Random quote of the day:"Fucking up, if you aspire to be an artist, may be the great creative principle: getting broken, broken wide open, and then delving into the shards. Moving on. Painting, writing—these are always, first and foremost, struggles for authenticity."
—Breyten Breytenbach, in Lawrence Weschler's "A Horrible Face, but One's Own,"
Calamities of Exile: Three Nonfiction Novellas( Illustrated version. )The Delving PartI edited the above quote so I could fit it more easily with the graphic (and because it gets posted in a public place at work, I had to fiddle the "fucking" part), but I think the full quote is worth sharing:
“Self-knowledge is not self-abasement or self-rejection. I was, I am, a flawed human being. But that’s more interesting than being an iron cast. And there’s something to be said for fucking up. In fact, fucking up, if you aspire to be an artist, may be the great creative principle: getting broken, broken wide open, and then delving among the shards. Moving on. Painting, writing—these are always, first and foremost, struggles for authenticity.”
I have to constantly remind myself of this: that doing art is not just about success, but about failure. Failure—trying stuff that doesn't work, learning from it, moving on—is how the creative process works. It's about pushing yourself and examining yourself and constant reevaluation and doubt and insecurity and fear and, every once in a while, something really splendid, something that makes you know it's all worthwhile.

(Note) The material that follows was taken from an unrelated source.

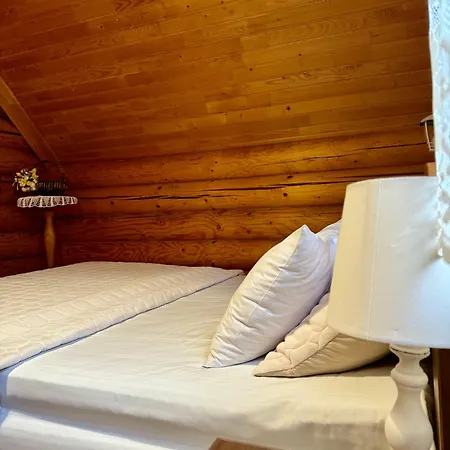 Polyanitsa окремий з каміном Lodge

Being an artist is not at all a comfortable thing, though there's a lot of romantic notions about the process. Anyone who is seriously doing art knows how uncomfortable it can be to want to do something right and not quite make it. There's a fine line between a nutter and an artist. As Jung pointed out, sometimes an artist is a nutter who has learned to channel their neurosis successfully. He stated it more politely than that.

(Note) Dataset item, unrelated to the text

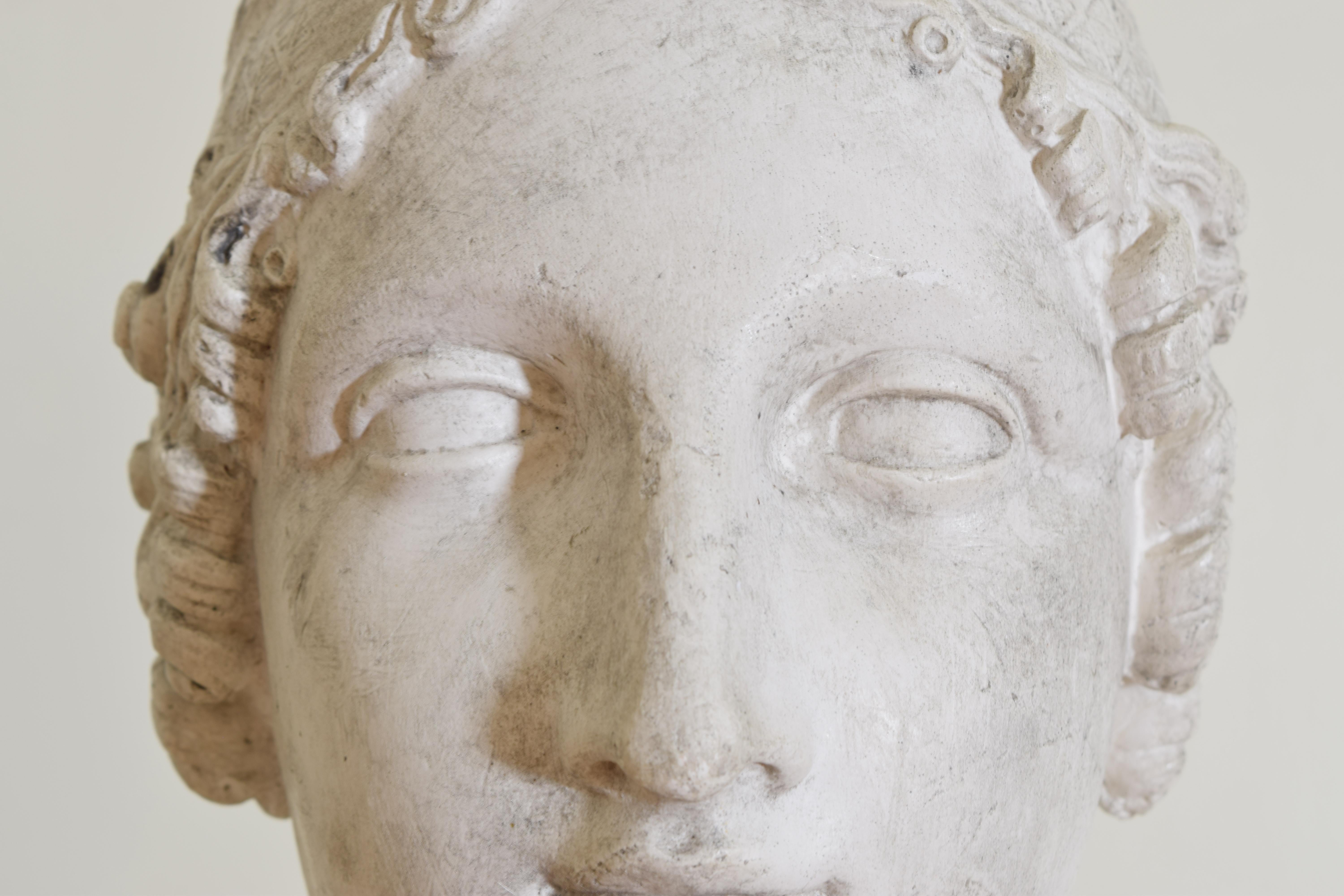 Plaster Bust of Paolina Borghese Bonaparte In Good Condition For Sale In Atlanta, GA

I am not saying that you have to suffer for your art, just that if you're serious about it, that's probably going to happen anyway, inside, in that place where you doubt and fear and live and die. I am not saying artists are better than anyone else on the planet, or a special class of people, or need to be worshiped as truthgivers or any of that other junk that's so often hung around their necks. I
am saying that through a convoluted combination of nature and nurture artists are people who move through the world with an overwhelming need to create that goes against all common sense, all practical considerations, all naysaying. It's an integral part of who they are and without it they feel lost. They may give it up, but the hole inside never closes, and often turns sour.

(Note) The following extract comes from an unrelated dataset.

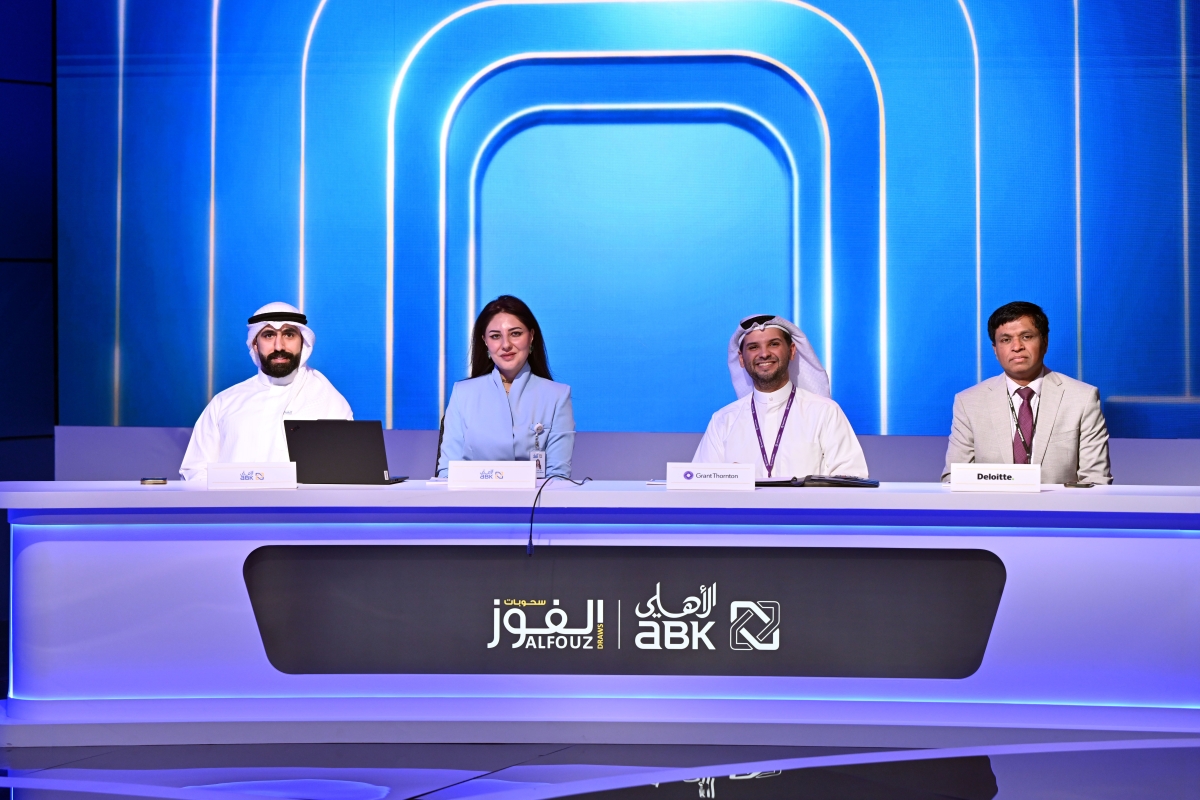 ممثلو البنك وشركات التدقيق خلال السحب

Much is made about succeeding in the publishing game or the gallery game or the dance hall—wherever the money and acclaim part of the equation sits. And that's all good stuff, really good stuff. But for an artist, I think, success and failure is more than that. It's about those incremental moments of trying to do better, pushing yourself, discovering yourself, rediscovering yourself, getting sick of yourself—and starting the whole thing over again. We all quit the business sometimes when it gets to be overwhelming, but we usually start back up again once the latest crisis passes. The only true failure is giving up completely, and finally. Because it
is about the art at the end of the day. It's about assembling the broken bits in new ways, of stumbling your way through the world, trying to see things from a fresh perspective, about being true to yourself. It's about a life raft on a vast, wine dark sea that nature/nurture threw you into when you were too young to have a say in things.